Safe Margin – Fastest Way to Get Faster

Ever have a long run where it felt like you were putting out lots of effort, and you were feeling sort of maybe semi-good, but you were actually going fairly slowly?

Those runs, where we’re working hard and hardly moving, are a waste. They’re wrong. Why? Because we’re using all our energy to go at a sub-optimal pace. And that’s something we should rarely, if ever, do.

Less than optimal training very often happens when we burn the candle at both ends. We run harder than our body actually “wants” to run. Or we don’t spend enough time recovering.

I know this is kindergarten stuff – it’s Running 101. But it never hurts to review the basics.

There always has to be a safe margin. The gathered wisdom of running sages says that we should always run just a little slower than we could.

Our bodies use that margin of energy to adapt and improve. If we use all our energy in running, the body can’t improve as efficiently and quickly as it can when we keep a margin of energy in reserve.

The result is slow progress, no progress, or even backwards progress. And the solution is mindlessly simple: Back off. The body can use energy to recover or to run – not both.

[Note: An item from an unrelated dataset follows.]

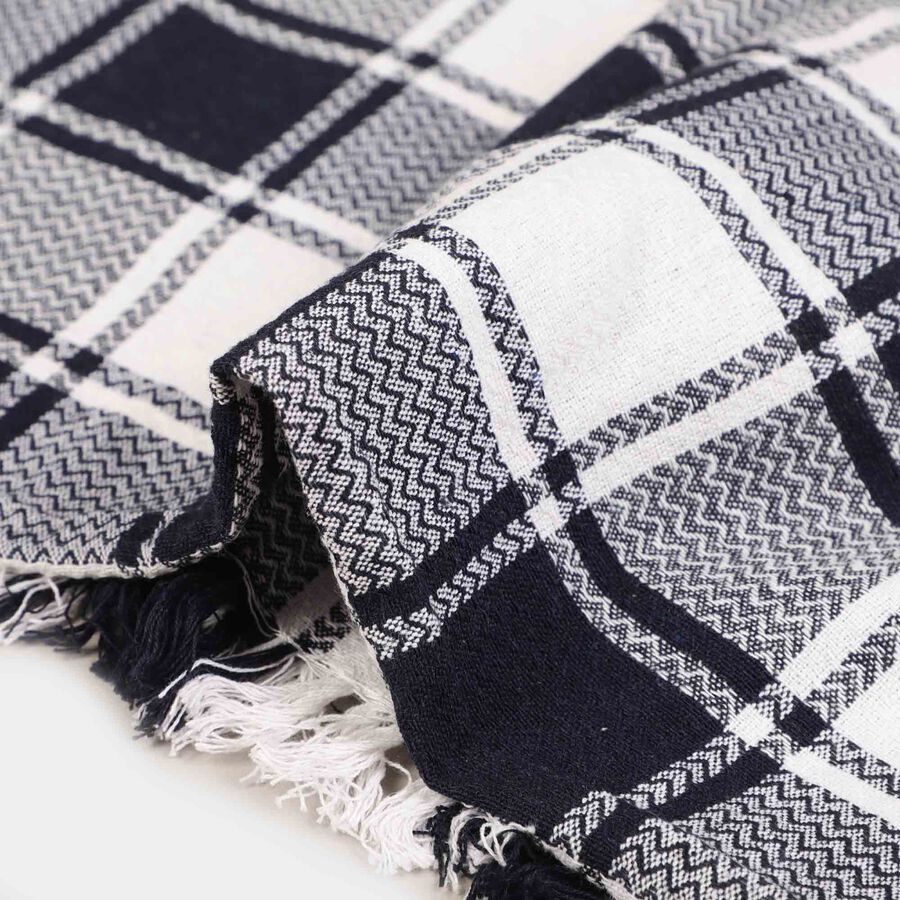 300 GSM Navy Blue Cotton Bath Towel, , large image number null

How can we know what’s exactly the right pace? It feels right. On a recent long run, I felt pretty good, and I was strongly tempted to go all-out for long stretches. But, being an old guy who’s made a boatload of painful mistakes and paid the bitter price, I first consulted the intuitive feeling of my heart, and it said, “Leave a margin…always leave a margin.”

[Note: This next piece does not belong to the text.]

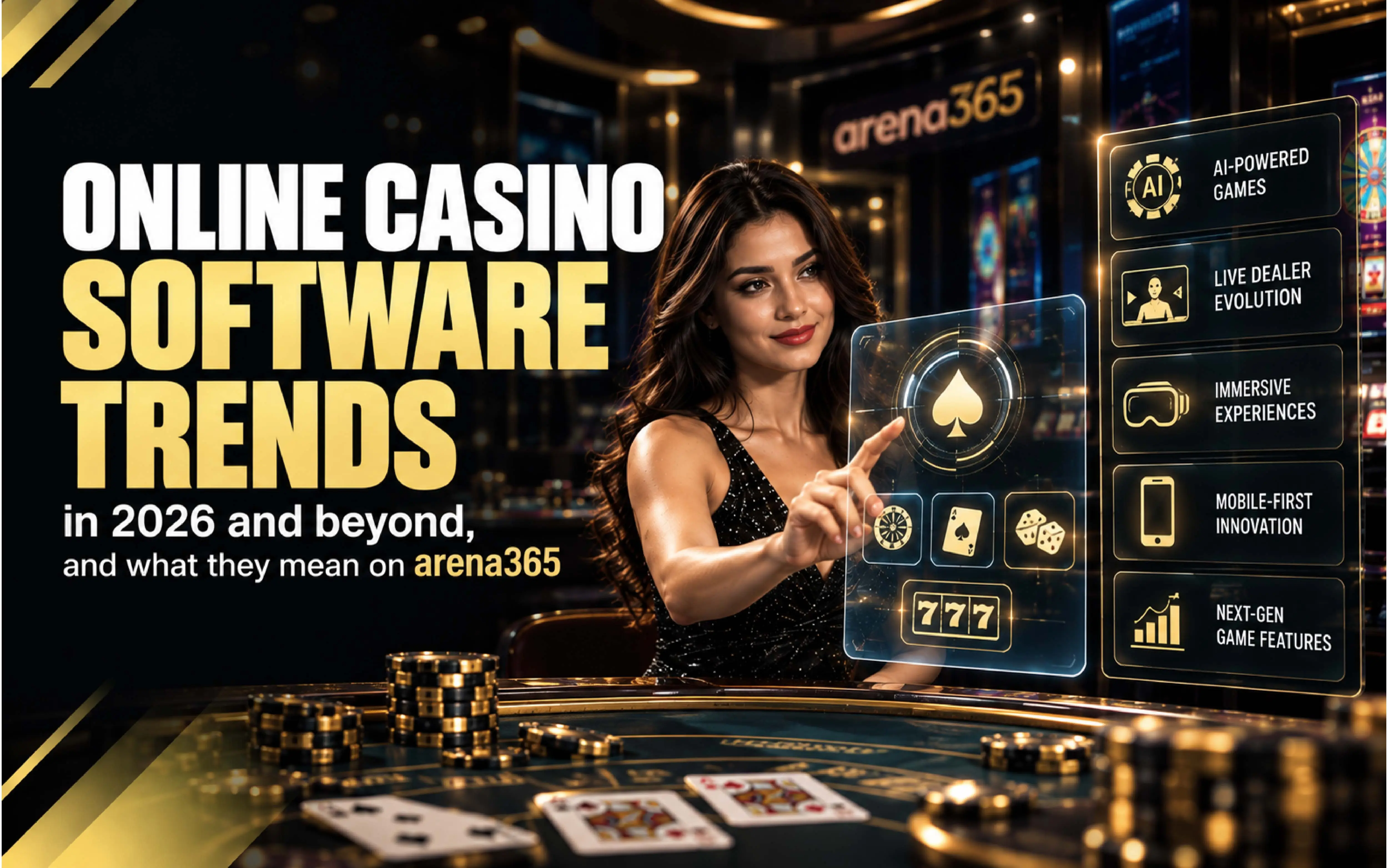 Online Casino Software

I held a pace 5% or 10% under what I could have done. I was able to do solid training that my body could absorb.

Wise coaches have long known the wisdom of the safe margin. Arthur Lydiard preached it constantly. He famously said that we should finish every run feeling as if we could do more. “Pleasantly tired” is how he described the best way to finish a run – with the emphasis on “pleasantly.”

Scott Douglas wrote a wonderful article that appeared recently in Running Times, “Bill Squires, the Boston Marathon and the Zoopy-Zoopy.” Squires is one of the country’s most successful distance coaches – his protégés include Bill Rodgers, Dick Beardsley, and Greg Meyer.

The article quotes Bob Hodge, a 2:12 marathoner who improved his PR from 2:28 under Squires:

“The workouts were really nothing special…. We’d do things like mile repeats in 4:50 with a brisk 400 jog between, maybe 6:00 pace.” Moderation was key. “If anybody raced a workout Squires immediately jumped on them”….

“It’s things you can handle,” Squires says. “A workout is an effort where you can control your speed. That means you can control your form. They always have more in their gun when they leave. I’m not into these practice runners, the Cinderfellas, who want a Purple Heart for their workout. I always say, ‘Let’s see what we do on Saturday [in the race].’”

The principle of the safe margin applies in all sports. Strength and conditioning coach Jason Ferruggia:

Over the years I have noticed in my training of hundreds of athletes that you will progress a lot faster on your chin ups if you do not come anywhere near failure when doing your sets. So if your max is eight reps, you should stop at six on each set. Keep that in mind from now on when doing your chins. [Italics mind.]

Good training is expansive. That is, it gives the body the work – and rest – it needs to get better. Years ago, I asked the coach of one of the country’s largest running clubs for his advice. I told him I was taking the day off after my (very) hard speed workouts. He said, “No – you won’t be tired enough.”

I reject that reasoning. Some tiredness is good, naturally. But as a matter of policy, I’d rather let recovery decide my training. If I’m too tired at the start of a workout, then I know I haven’t fully recovered. And what’s the point of continually digging into my body’s supply of recovery energy?

I trained for years that way, with little success. I slogged along at 40 miles per week, doing too many long runs, too often, without improving my speed and endurance in marathons and ultras. The problem was, I was never fully recovered – I was in fact always a little bit overtrained.

It was only when I began focusing on recovery, making sure I was completely rested, that I was able to have regular full-forward, exuberant, enjoyable, hard-working runs, while improving.

If we never truly recover, we end up having lots of “half-hard” runs. But we never have those deeply enjoyable runs that truly expand our fitness – where we’re able to go hard, while running well within the safe margin.